Sonntag, 26. Mai 2019

EU-Wahl: In Deutschland schlug offenbar der Rezo-Effekt zu

In Deutschland scheint der Rezo-Effekt bei der EU-Wahl voll zugeschlagen zu haben: „Wählt nicht die CDU/CSU, wählt nicht die SPD“, forderte Deutschlands mittlerweile bekanntester YouTuber kurz vor der Europawahl. Erste Wahlanalysen zur Pleite der Parteien der Großen Koalition zeigen, dass vor allem junge Wähler der Forderung gefolgt zu sein scheinen.

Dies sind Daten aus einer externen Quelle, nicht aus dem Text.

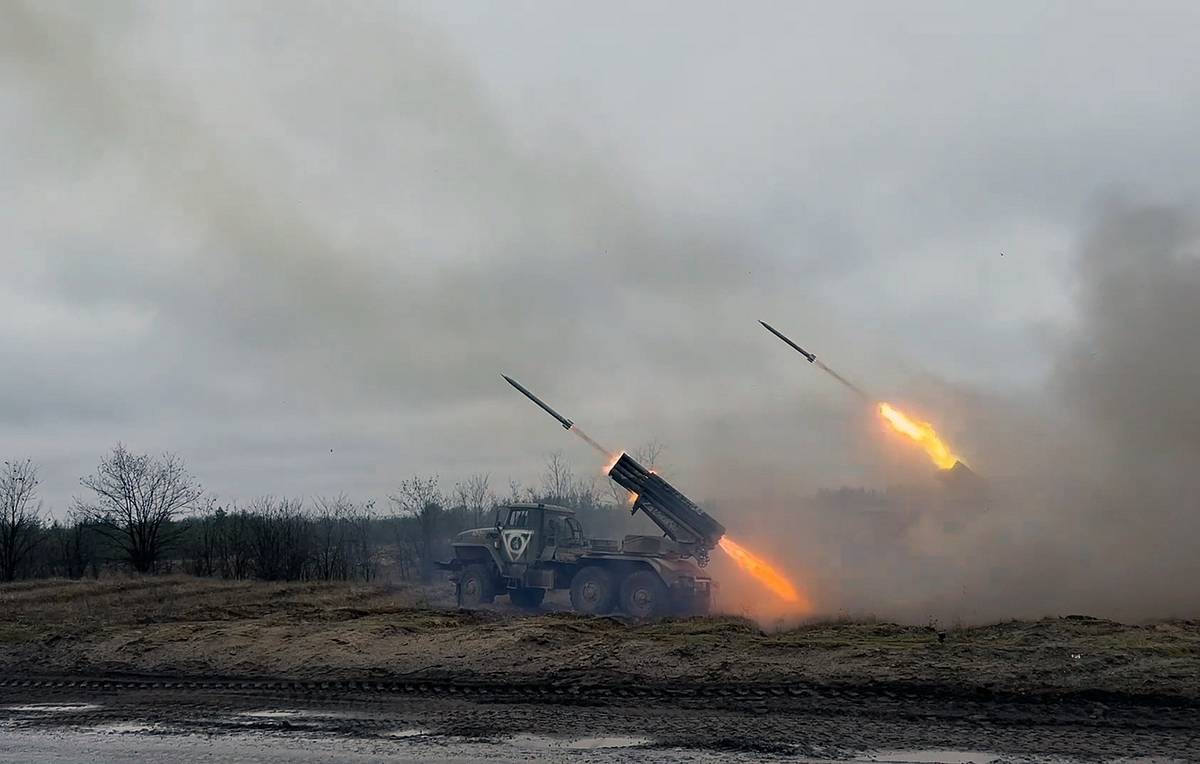 Bloomberg: Qərb Ukraynaya 200-ə yaxın tank və 300 piyada döyüş maşını verib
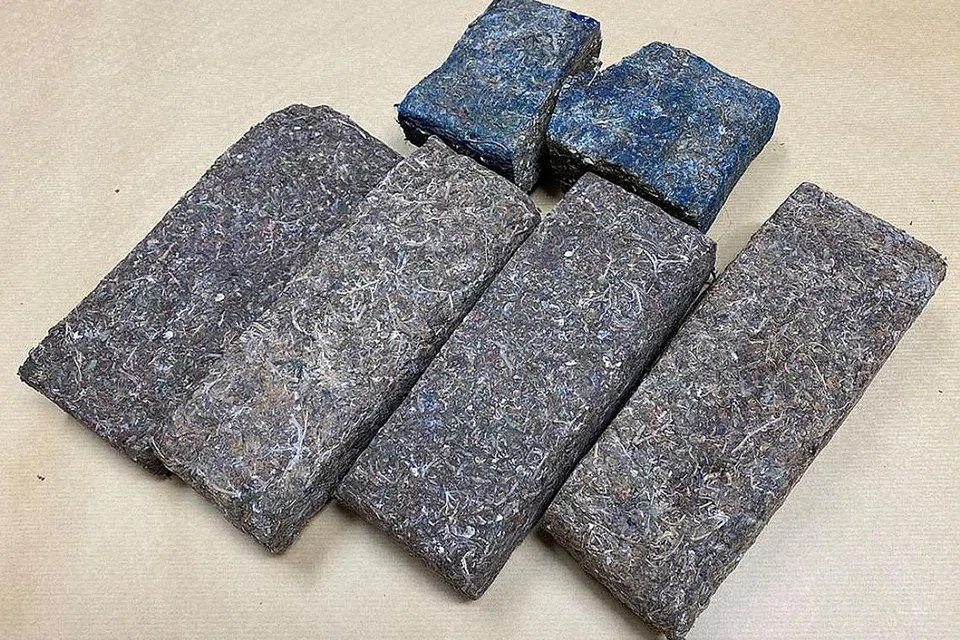 RAMPASAN GANJA: Pihak berkuasa telah merampas enam bungkus ganja yang ditemui dalam sebuah kereta berdaftar di Malaysia. Pemandu kereta warga Malaysia berusia 24 tahun tahun diberkas. - Foto CNB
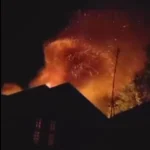 Tiga rumah di Cikalongwetan, Kabupaten Bandung Barat ludes terbakar, diduga akibat arus pendek listrik. Rabu (5/23). Foto: warga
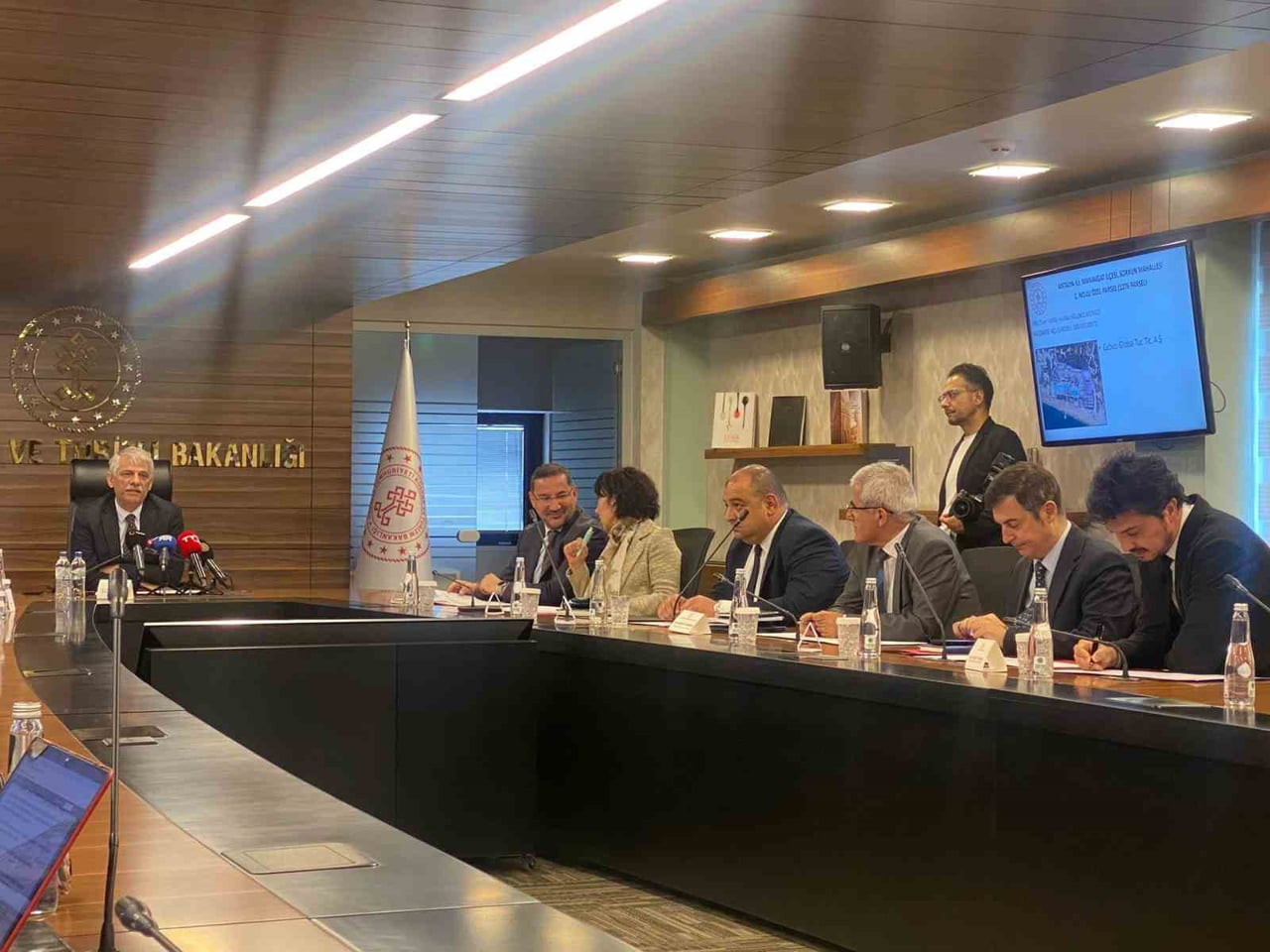 KÜLTÜR VE TURİZM BAKAN YARDIMCISI NADİR ALPARSLAN'IN KATILIMIYLA BAKANLIKTA DÜZENLENEN TOPLANTIDA...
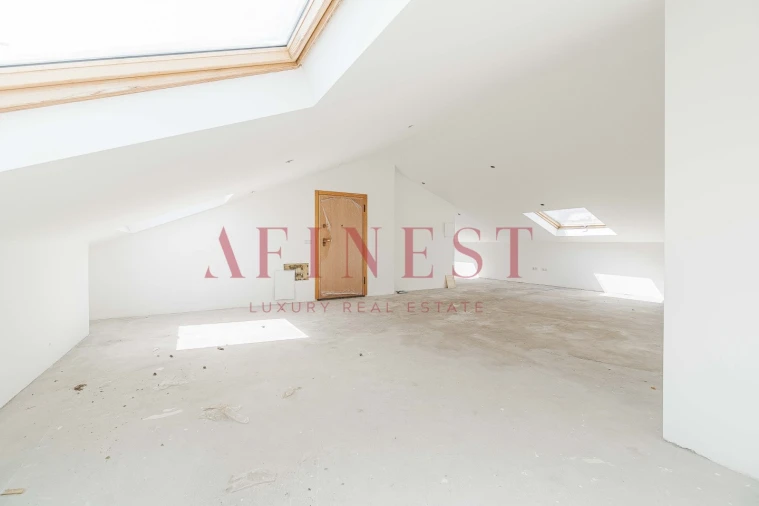 Apartamento T4 para Venda em Carcavelos e Parede Foto 49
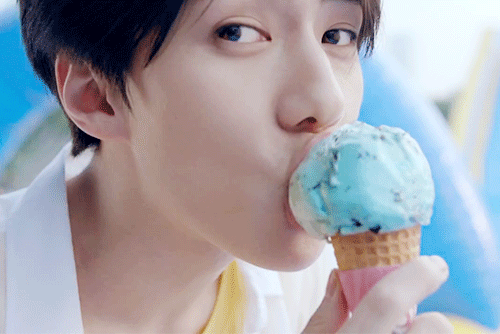 吴世勋 冰淇淋 甜筒 吃 冰淇淋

„Danke Rezo! Vielleicht ändert sich was“ Der deutsche Youtuber fand in den letzten Tagen viel Zuspruch bei der jungen Bevölkerung Deutschlands, wie hier in Berlin.
„Danke Rezo! Vielleicht ändert sich was“ Der deutsche Youtuber fand in den letzten Tagen viel Zuspruch bei der jungen Bevölkerung Deutschlands, wie hier in Berlin. - Foto: © APA/AFP

Der ARD zufolge landete die Union bei den 18- bis 24-Jährigen bei nur noch elf Prozent, die SPD sogar nur bei acht Prozent. „Die Zerstörung der CDU“ heißt der knapp einstündige Film, mit dem der ansonsten vor allem für lockere Unterhaltung stehende YouTuber Rezo die Debatten in der Woche vor der Europawahl dominierte. Bis Sonntag klickten den Film rund elfeinhalb Millionen Nutzer an. Der nachgeschobene Aufruf von über 90 der führenden deutschen YouTuber, die GroKo-Parteien und auch die AfD nicht zu wählen, sahen mittlerweile fast drei Millionen Menschen.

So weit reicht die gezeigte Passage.